No, we are NOT Trayvonon July 22, 2013 @ 5:29 am (Updated: 10:15 am - 7/22/13 )
From the rallies you would hear the leader start, "I am;" the crowd repeats, "I am" ... "Trayvon Martin;" crowd repeats, "Trayvon Martin."
These were multi-racial rallies trying to make the point that what happened in Sanford that night affects us all, regardless of race.
But now there's a website called WeAreNotTrayvonMartin.com where mostly white people are pointing out they really can't claim to feel threatened because being white means you are and likely always will be treated differently - the point the president was making Friday.
Here's a sample post:
"I am NOT Trayvon Martin... When people hear the way that I speak, they tend to quickly assume that I am intelligent, educated, good, and deserving of respect.

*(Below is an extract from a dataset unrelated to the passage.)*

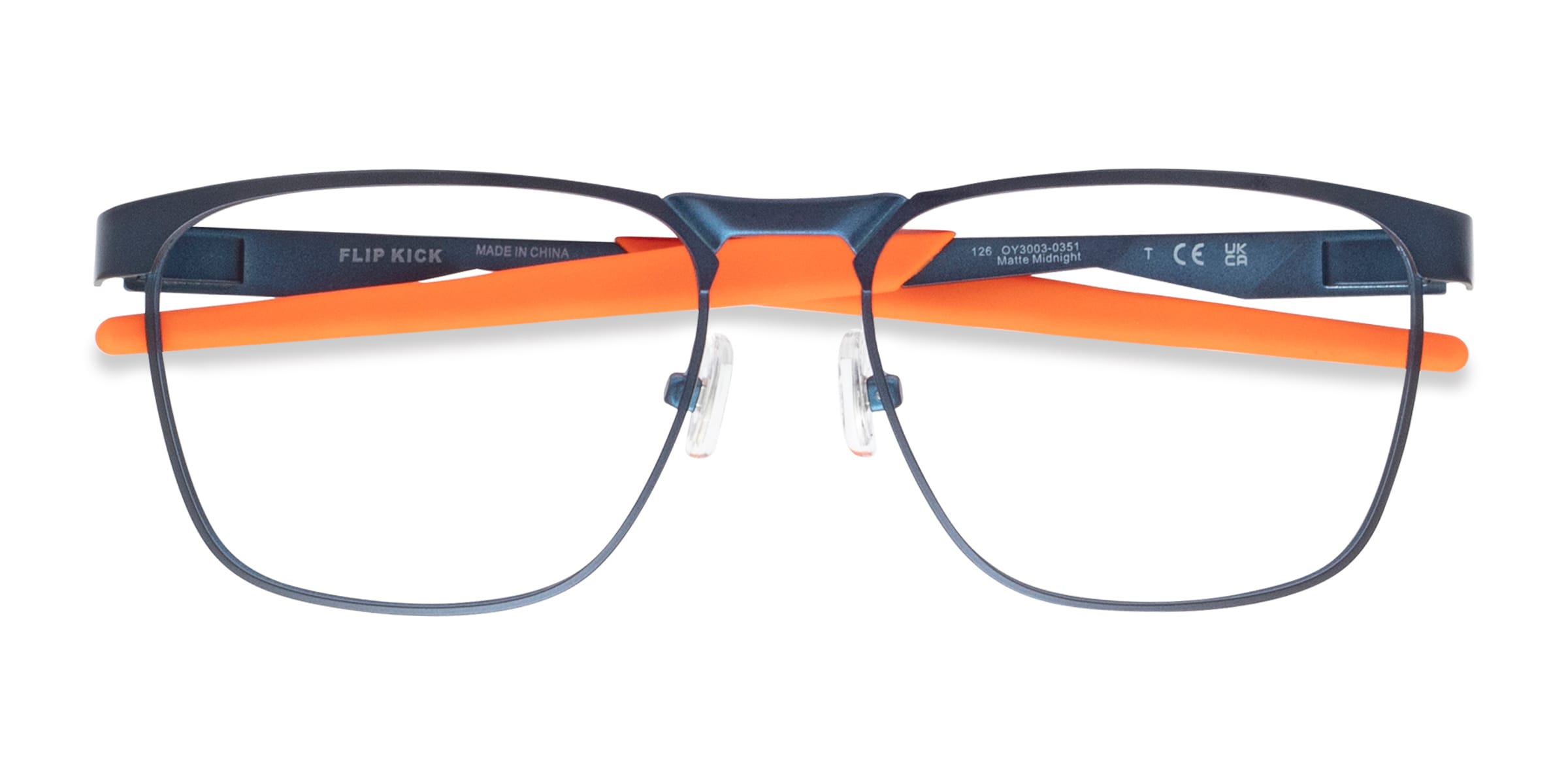 Oakley - katsu Oakley Flip Kick - Square Navy Frame Eyeglasses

When I wear a hoodie I feel invisible. When I walk out of a store and the shoplifting detectors beep loudly, I am told, "go ahead those just don't work right" (by the way I shoplift all the time)... I am afraid and ashamed to admit that I don't always know how to relate to people who act or look different than I do. I have always seen myself as the default race that all others are compared to. I am NOT Trayvon Martin and that benefits me every day..."
"I am a 21-year-old Jewish white woman ... I just graduated from a top-tier liberal arts college with $0 of debt since my parents were able to pay in full. I have carried large amounts of ecstasy, marijuana, cocaine, and speed through the New York City Subway, Brooklyn, and the Bronx. Never once have I been stopped and searched, including once when a police dog barked at me.
"Occasionally I complain about the prejudices I experience as a woman and a Jew. However, no one has ever judged me on the basis of my skin color. Never have I been suspected of stealing, ferrying drugs for others or doing drugs myself. Yet I have done all of these things, and gotten away with it."
The point of this website seems to be, that making progress on race in America isn't a matter of white people trying to imagine what it's like to be black, but instead to understand and accept that they can't... because they're not.